Harmony and balance come together with Aikido
Editor in Chief
Peace of mind, self-defense and philosophy are some of the basic elements taught in the Japanese martial arts known as Aikido.
Aikido is taught on LCC’s campus on Tuesdays and Thursdays in room 252 in the Gannon Building.
Rich Feight, who has been an Aikido instructor at LCC for two years, explained the strategy of Aikido.
“Aikido is a form of Budo,” Feight said. “It is a martial art that uses your opponent’s energy to follow through a pin or throw.”
Feight said the class is based on two criteria: attendance, which is 50 percent of a student’s grade; and the final exam, which accounts for the other 50 percent.

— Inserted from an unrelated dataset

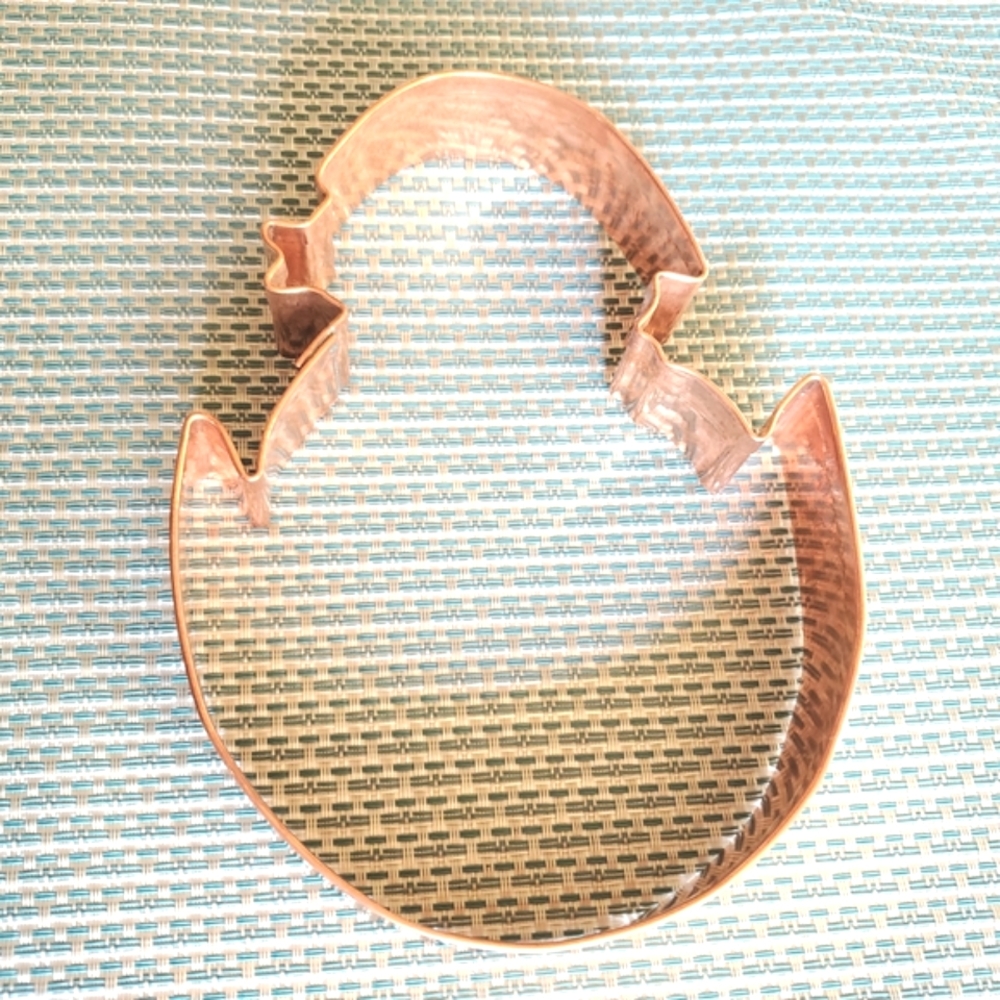Copper Baby Chick Hatching Cookie Cutter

“There is no physical exam. If students want to progress in ranking then they can do that,” Feint said. “We like to see students take Aikido twice to show some sort of commitment to Aikido before they do that.”
Feight talked about some of the misconceptions that people have about Aikido.
“One of the biggest ones probably is that you have to be strong to do it,” Feight said. “Aikido is actually the opposite. Usually people that have the lower center of gravity can do the throw.”
LCC student Daniel Terrill talked about what he enjoys about Aikido.
“It is relaxing,” Terrill said. “You know it is a good way to find inner peace for yourself.”
Feight spoke about the history and spirituality of Aikido.
“It’s a great art if you want to study something that has a bit of background in Japanese culture,” Feight said. “There is not just a physical part to it. There is a mental part to it as well.
“For example, when we start in the classroom we bow and as you step into the classroom … you are supposed to leave all of your other stuff behind and come in with a clear mind.”